Traditionally, legal research was conducted manually using a law library, books, periodicals, indexes, and digests. Black’s law dictionary defines legal research as “The finding and assembling of authorities that bear on a question of law.” Legal research slowly became one of the first areas of scholarship to move into the electronic world, with the introduction of dial-up terminals for searching case law in the 1970s. The digital legal information for such research were used and stored in CD-ROMs. Later in the 1990s, the World Wide Web became another medium for legal publishing.[1]

The Boolean Search technique was predominately used at this time which worked by searching a particular term or group of terms in a specific relationship to one another.[2] Besides Boolean Search, a plain language search was brought into use by several CALR service providers that ranks the first 20 documents that best match the search.
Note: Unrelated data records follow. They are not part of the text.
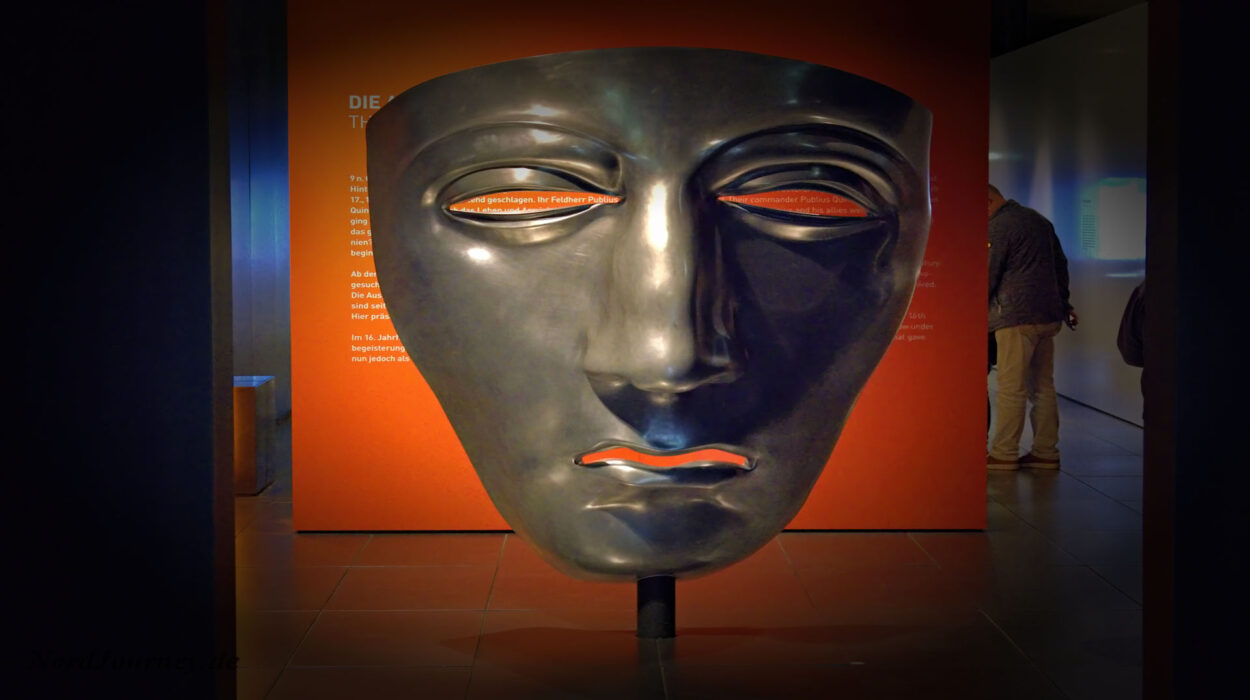 Eine Maske, ausgestellt in einem Museum.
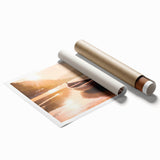 Extra large rolled print of a rowboat on water in muted blue tones, ideal for classy bathroom wall art.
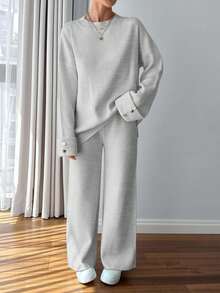 EURMUSE Women Button Detailed Sweater And Pant Set - Light Grey - View 5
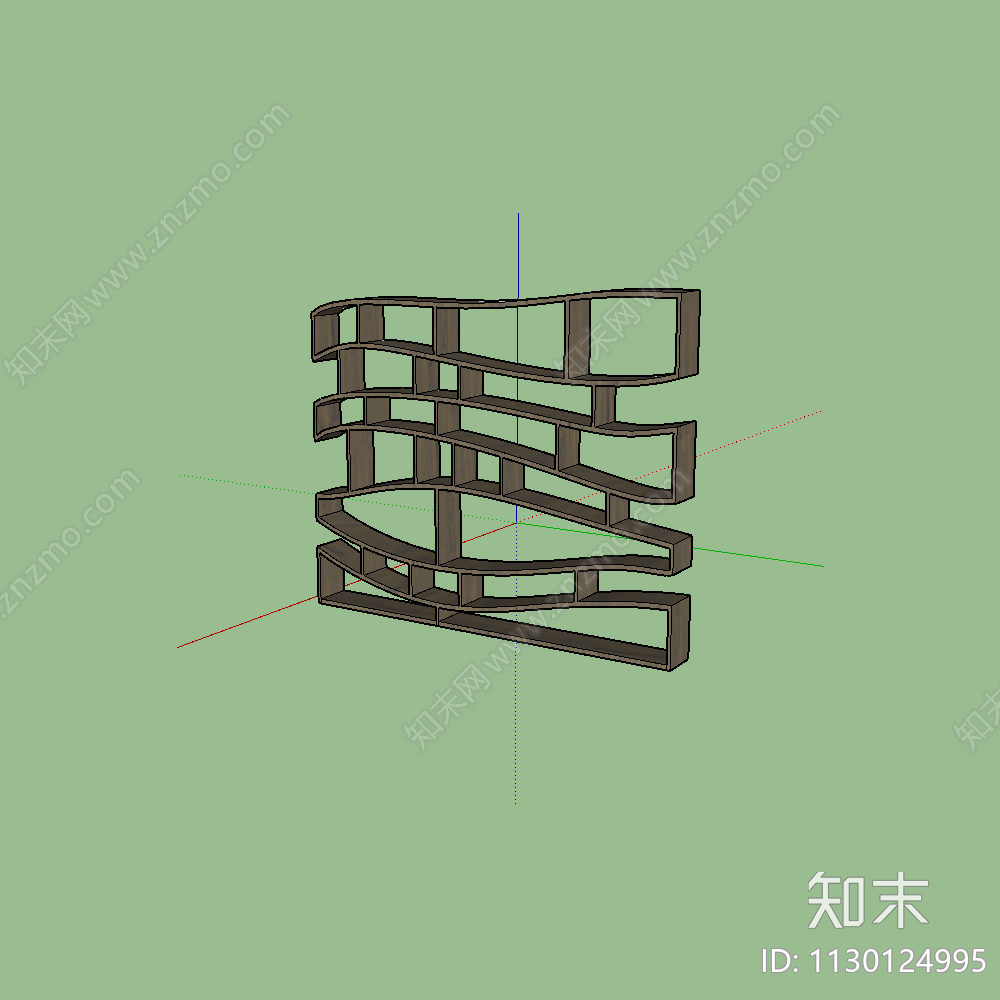 现代波浪书架弧形书架流线型设计图书馆书柜SU模型下载【ID:1130124995】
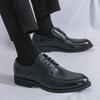 Men's shoes large size new leather shoes fashion men's business dress shoes trend British style retro lace-up leather shoes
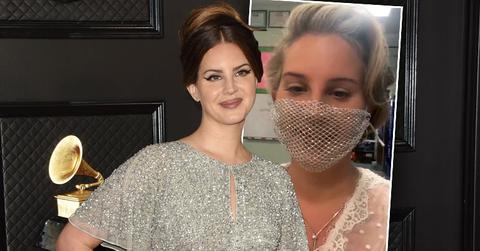 Lana Del Rey at grammmys and inset with Mesh Mask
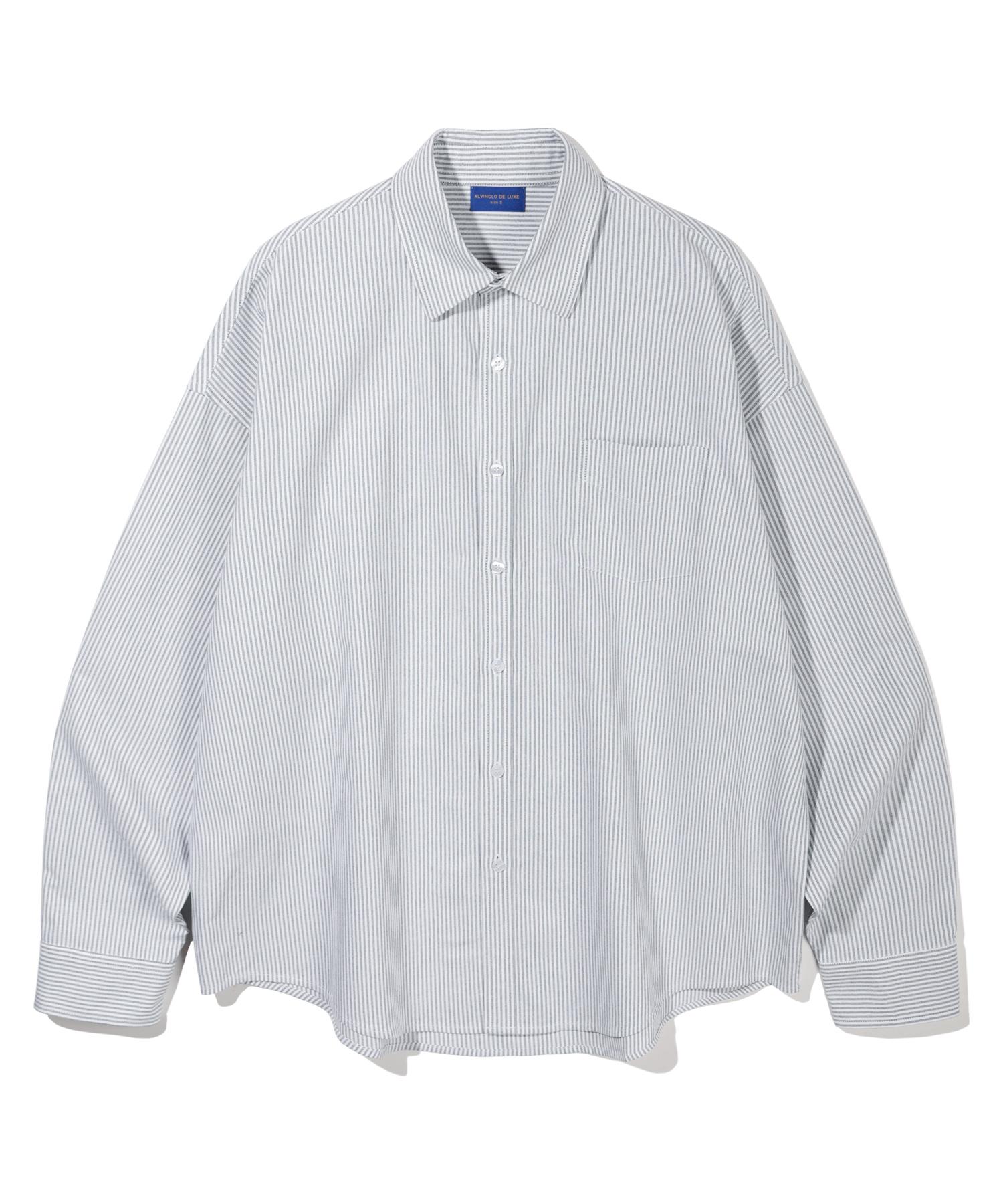 Alvin Clo [De Luxe] Striped Oxford Oversized Shirt Dlx1212 (3 Colors) Blue/3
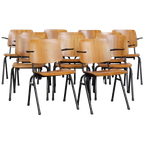 Set Van 12 Vintage Jaren ’60 Dutch Design Marko School/kantine/eetkamerstoelen Met Armleuningen thumbnail 1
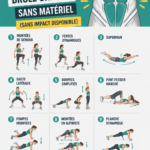 Femme s'entraînant avec le HIIT à la maison sans matériel.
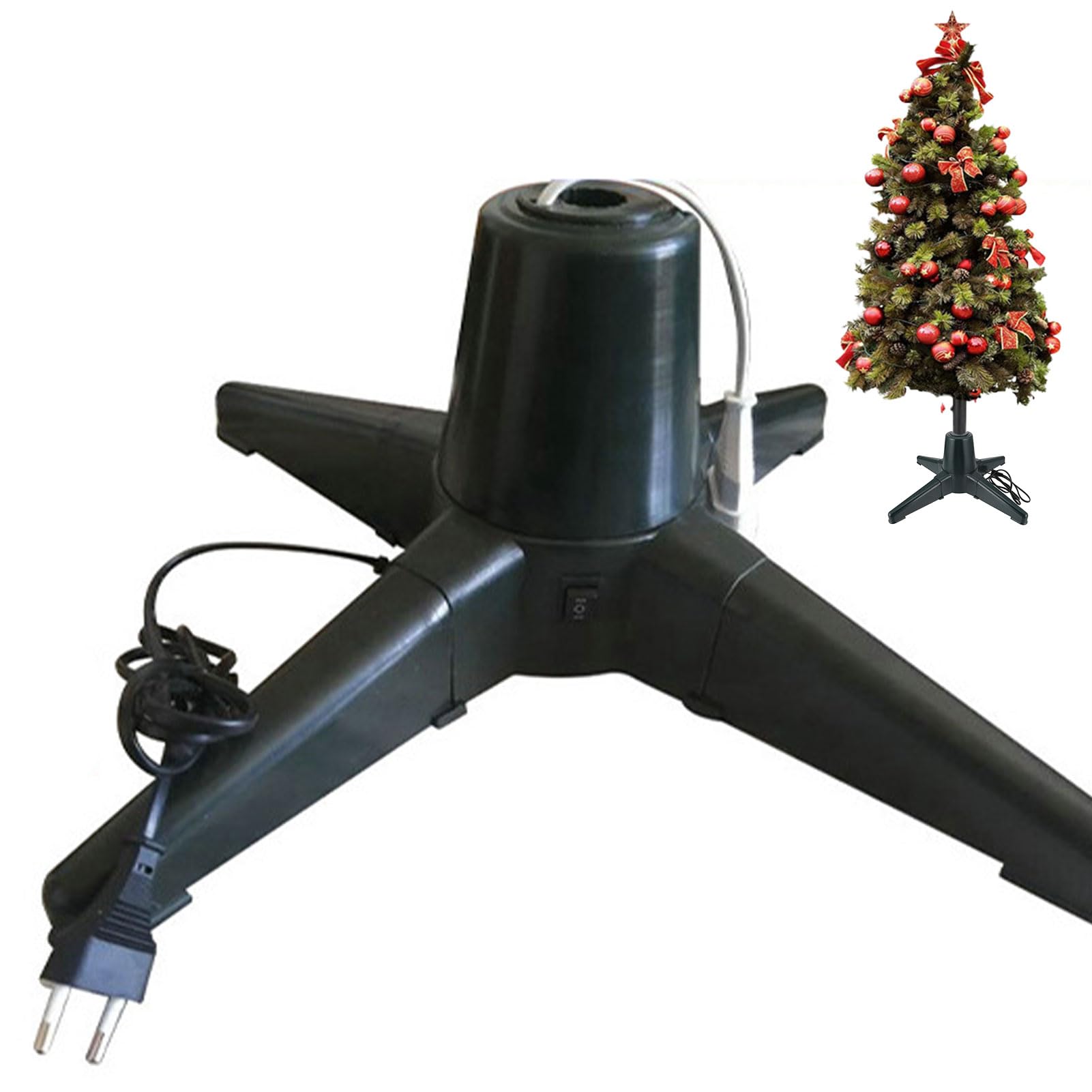 Soporte de Base de árbol Giratorio eléctrico, Soporte de árbol de Navidad Giratorio de 360°, Base de decoración de árbol de Navidad Resistente, para decoración de árbol de Navidad 50cm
The first ranked document is the one that most closely matches the terms in the search.[3]

Eventually, the introduction of the internet eventually led to the establishment of computerised legal databases as databases companies started incorporating internet connectivity to their software. This made legal databases for legal research software more accessible to lawyers, paralegals, students and people in general. Alongside legal databases, big data, legal artificial intelligence, internet of things and blockchain in the legal industry are important technologies uplifting legal research work.[4]

Computer Assisted Legal Research

 

Legal research in today’s context is highly dependent on Computer Assisted Legal Research (CALR). CALR is the technology that allows lawyers, judges, academicians and students to bypass the traditional law library and locate statutes, court cases, and other legal references in minutes using a personal computer, research software or the internet, and an online connection.[5] CALR provides fundamental tools of the legal profession i.e., court opinions, cases laws, statutes and regulations and other law related materials. These tools are stored in extensive databases and used to fetch primary and secondary sources of legal research.

The Legal Database

A database is an organised collection of structured information, or data, typically stored electronically in a computer system.[6] Data comprises facts, observations, perceptions, numbers, characters, symbols, images, etc. which are processed, stored, organised in data bases which are accessed, managed and represented through a database management system by the user.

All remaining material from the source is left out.